Scraped caption text data
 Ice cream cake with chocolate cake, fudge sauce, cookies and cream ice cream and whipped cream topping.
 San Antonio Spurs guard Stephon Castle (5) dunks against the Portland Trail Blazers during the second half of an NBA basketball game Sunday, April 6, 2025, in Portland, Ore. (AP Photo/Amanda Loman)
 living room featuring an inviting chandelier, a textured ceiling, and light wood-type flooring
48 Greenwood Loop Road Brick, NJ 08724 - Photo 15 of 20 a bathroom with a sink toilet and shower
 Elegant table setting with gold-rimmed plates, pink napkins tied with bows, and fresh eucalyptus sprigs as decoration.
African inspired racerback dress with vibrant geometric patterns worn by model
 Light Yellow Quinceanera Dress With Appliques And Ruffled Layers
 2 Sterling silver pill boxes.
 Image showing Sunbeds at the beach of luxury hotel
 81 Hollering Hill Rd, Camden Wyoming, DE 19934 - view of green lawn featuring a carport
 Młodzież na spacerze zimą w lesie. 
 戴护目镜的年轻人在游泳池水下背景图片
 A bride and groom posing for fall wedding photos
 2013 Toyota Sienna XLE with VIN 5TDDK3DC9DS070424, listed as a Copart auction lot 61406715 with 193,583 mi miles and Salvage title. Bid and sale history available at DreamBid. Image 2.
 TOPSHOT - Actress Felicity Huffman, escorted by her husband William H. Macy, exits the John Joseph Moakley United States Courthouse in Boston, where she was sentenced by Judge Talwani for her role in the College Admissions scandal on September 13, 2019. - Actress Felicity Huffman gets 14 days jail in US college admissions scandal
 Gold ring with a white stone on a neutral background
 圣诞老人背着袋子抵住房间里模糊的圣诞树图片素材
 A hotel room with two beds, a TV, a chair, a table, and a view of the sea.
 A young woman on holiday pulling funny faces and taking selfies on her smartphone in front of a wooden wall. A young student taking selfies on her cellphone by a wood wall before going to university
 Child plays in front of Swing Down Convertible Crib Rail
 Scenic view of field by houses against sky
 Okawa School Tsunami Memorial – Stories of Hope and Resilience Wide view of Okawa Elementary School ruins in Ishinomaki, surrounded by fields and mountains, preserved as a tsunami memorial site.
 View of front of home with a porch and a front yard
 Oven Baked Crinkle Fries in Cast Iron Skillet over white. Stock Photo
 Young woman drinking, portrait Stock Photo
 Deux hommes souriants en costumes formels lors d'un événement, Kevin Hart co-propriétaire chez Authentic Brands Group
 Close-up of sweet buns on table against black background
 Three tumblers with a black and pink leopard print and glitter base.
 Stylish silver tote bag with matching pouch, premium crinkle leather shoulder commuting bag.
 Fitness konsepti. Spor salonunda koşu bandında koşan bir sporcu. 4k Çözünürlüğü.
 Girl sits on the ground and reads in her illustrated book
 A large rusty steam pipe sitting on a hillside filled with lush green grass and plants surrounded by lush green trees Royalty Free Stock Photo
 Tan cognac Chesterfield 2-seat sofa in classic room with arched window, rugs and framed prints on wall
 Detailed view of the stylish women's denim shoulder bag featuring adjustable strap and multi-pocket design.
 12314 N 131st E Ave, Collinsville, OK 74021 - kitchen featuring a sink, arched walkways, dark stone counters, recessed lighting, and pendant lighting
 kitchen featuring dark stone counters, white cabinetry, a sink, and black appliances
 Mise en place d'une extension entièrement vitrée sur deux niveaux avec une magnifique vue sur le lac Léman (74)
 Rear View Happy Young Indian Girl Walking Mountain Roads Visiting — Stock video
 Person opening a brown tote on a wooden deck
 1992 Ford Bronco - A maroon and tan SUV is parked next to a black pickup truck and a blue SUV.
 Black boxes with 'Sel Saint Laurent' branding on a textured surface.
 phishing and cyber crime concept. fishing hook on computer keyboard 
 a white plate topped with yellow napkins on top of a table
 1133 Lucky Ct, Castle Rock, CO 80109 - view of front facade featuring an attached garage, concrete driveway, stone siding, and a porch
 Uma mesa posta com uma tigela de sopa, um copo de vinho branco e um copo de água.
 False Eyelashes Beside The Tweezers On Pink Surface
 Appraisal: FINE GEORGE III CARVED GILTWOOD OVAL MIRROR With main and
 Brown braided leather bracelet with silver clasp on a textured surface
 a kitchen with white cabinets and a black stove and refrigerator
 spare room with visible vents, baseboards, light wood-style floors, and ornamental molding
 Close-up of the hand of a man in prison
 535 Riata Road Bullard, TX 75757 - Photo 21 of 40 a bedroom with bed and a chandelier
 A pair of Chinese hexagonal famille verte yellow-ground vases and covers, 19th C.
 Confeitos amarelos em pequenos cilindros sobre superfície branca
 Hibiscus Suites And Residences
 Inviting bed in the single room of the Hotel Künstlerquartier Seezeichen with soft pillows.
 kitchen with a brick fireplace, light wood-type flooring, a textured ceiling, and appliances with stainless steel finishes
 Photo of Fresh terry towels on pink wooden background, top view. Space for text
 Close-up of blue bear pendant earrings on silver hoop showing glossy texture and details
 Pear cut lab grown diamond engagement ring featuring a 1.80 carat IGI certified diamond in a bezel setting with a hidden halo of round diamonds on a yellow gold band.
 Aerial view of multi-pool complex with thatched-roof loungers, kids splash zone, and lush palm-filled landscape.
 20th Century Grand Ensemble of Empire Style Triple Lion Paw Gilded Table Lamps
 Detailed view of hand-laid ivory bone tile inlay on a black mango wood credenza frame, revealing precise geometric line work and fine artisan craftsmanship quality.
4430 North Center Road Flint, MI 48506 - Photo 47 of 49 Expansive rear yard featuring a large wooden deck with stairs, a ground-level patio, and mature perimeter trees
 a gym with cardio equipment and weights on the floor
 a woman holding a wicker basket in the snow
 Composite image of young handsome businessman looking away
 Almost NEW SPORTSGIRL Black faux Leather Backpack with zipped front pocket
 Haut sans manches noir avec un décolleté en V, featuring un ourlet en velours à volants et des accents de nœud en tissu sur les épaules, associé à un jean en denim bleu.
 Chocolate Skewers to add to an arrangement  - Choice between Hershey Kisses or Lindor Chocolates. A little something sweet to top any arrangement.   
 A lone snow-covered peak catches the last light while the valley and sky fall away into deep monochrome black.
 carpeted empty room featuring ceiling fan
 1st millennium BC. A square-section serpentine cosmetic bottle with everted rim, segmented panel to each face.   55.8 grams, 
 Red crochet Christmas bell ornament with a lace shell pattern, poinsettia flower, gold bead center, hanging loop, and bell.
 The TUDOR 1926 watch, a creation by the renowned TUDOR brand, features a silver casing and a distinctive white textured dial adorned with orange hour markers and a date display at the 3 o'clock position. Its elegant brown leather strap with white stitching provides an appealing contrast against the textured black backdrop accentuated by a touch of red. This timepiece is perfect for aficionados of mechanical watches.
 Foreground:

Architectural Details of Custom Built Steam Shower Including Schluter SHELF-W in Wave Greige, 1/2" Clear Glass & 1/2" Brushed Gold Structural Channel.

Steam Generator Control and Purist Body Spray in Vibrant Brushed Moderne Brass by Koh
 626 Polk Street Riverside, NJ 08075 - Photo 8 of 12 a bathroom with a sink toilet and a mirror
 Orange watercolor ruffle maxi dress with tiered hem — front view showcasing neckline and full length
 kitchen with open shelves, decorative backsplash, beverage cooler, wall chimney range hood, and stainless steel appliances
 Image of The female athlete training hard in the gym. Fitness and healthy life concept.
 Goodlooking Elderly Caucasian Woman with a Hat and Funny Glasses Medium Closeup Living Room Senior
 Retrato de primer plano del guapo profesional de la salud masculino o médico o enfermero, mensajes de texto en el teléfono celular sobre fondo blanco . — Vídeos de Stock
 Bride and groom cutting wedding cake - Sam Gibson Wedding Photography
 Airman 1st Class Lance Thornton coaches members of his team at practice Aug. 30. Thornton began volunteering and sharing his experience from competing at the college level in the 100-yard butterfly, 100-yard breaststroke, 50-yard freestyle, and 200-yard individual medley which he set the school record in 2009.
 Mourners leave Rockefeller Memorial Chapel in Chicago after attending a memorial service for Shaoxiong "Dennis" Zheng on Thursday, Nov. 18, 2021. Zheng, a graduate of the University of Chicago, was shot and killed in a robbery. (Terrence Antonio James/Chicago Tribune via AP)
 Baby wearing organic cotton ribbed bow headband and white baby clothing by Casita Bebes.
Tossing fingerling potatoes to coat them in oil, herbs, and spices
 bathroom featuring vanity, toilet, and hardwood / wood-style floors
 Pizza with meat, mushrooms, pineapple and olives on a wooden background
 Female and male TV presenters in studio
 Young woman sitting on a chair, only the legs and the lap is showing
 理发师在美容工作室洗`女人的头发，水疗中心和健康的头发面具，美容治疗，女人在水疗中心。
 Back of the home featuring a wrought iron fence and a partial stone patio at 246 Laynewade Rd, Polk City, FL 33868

**Work task:**
The lines above from the one containing "Girl sits on" through the one containing "kitchen featuring dark" are to be set down exactly, and no others.

**Result of this exercise:**
 Girl sits on the ground and reads in her illustrated book
 A large rusty steam pipe sitting on a hillside filled with lush green grass and plants surrounded by lush green trees Royalty Free Stock Photo
 Tan cognac Chesterfield 2-seat sofa in classic room with arched window, rugs and framed prints on wall
 Detailed view of the stylish women's denim shoulder bag featuring adjustable strap and multi-pocket design.
 12314 N 131st E Ave, Collinsville, OK 74021 - kitchen featuring a sink, arched walkways, dark stone counters, recessed lighting, and pendant lighting
 kitchen featuring dark stone counters, white cabinetry, a sink, and black appliances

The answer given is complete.